Work request » Given the material below, output exactly the lines from the line with "Écran de Protection" to the line with "Stream flowing through rocks in forest", both ends included, and no other lines.

Data extract »
= Beginning of Section =

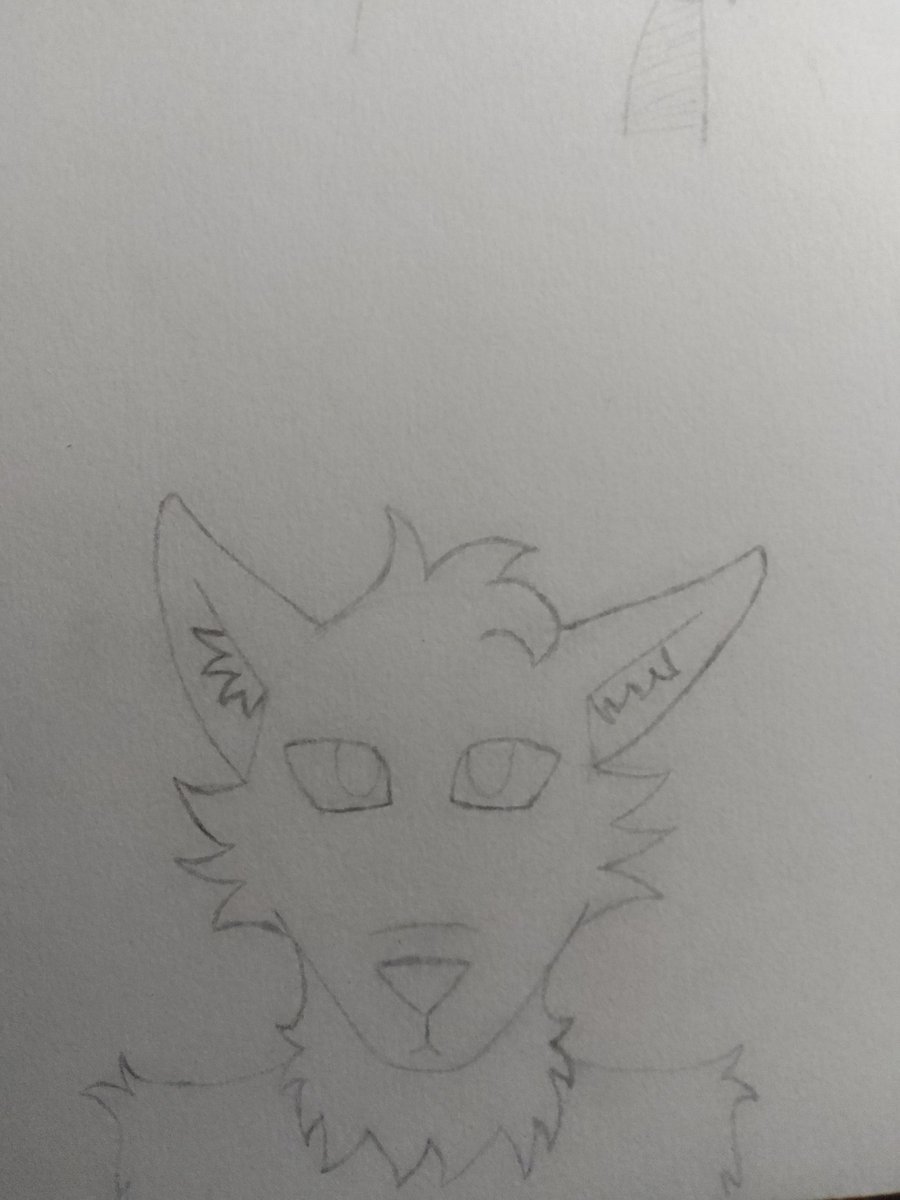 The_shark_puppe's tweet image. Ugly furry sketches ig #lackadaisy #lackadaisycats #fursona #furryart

= End of Section =
= Beginning of Section =

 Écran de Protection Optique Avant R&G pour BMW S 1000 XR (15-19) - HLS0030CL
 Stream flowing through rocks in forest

= End of Section =
= Beginning of Section =

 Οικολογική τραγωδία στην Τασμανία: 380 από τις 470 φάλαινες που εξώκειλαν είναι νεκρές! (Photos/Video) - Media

= End of Section =

Solution to this exercise »
 Écran de Protection Optique Avant R&G pour BMW S 1000 XR (15-19) - HLS0030CL
 Stream flowing through rocks in forest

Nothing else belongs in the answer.